* **Activity**
Every line from the one containing "LAYA 925 Sterling" to the one containing "1597 10 PCS" in the records below, both included, must be set down exactly, and no other line.

* **Recorded data**
* * *
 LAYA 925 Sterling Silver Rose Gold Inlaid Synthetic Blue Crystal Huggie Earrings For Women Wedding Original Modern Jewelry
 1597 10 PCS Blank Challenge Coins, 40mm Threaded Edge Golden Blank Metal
* * *
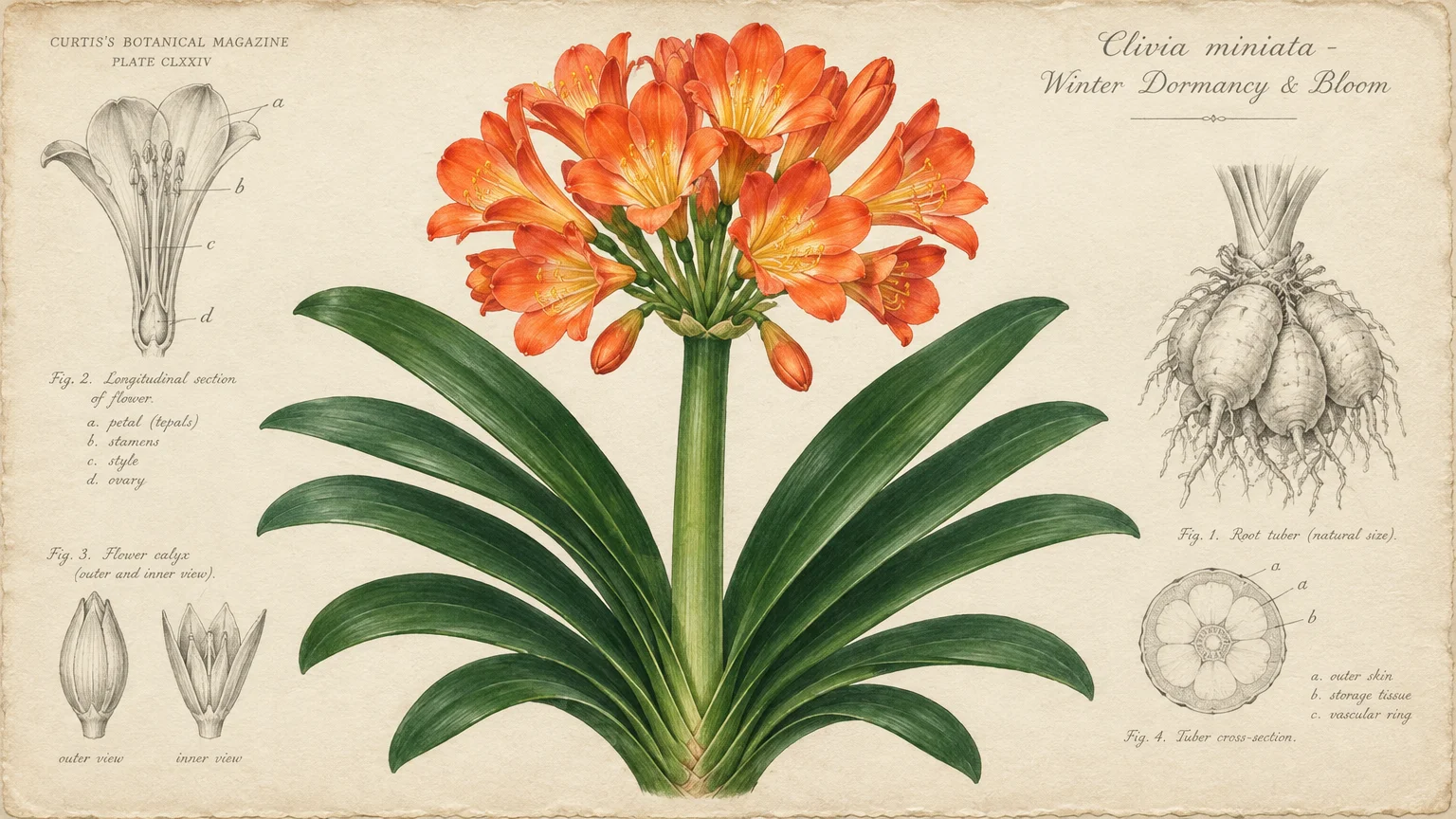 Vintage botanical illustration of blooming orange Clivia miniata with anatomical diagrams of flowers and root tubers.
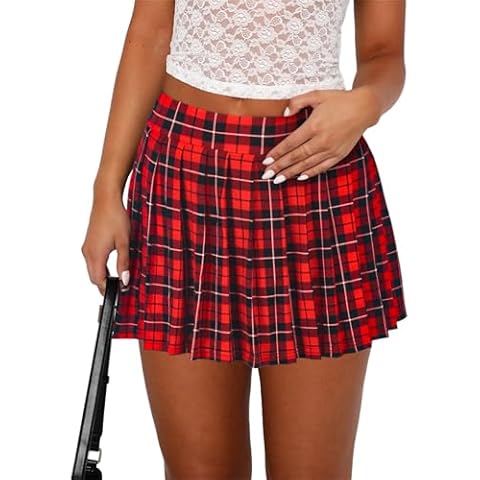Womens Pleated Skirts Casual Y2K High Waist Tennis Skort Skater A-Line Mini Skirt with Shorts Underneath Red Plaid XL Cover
* * *
* **Output for this exercise**
 LAYA 925 Sterling Silver Rose Gold Inlaid Synthetic Blue Crystal Huggie Earrings For Women Wedding Original Modern Jewelry
 1597 10 PCS Blank Challenge Coins, 40mm Threaded Edge Golden Blank Metal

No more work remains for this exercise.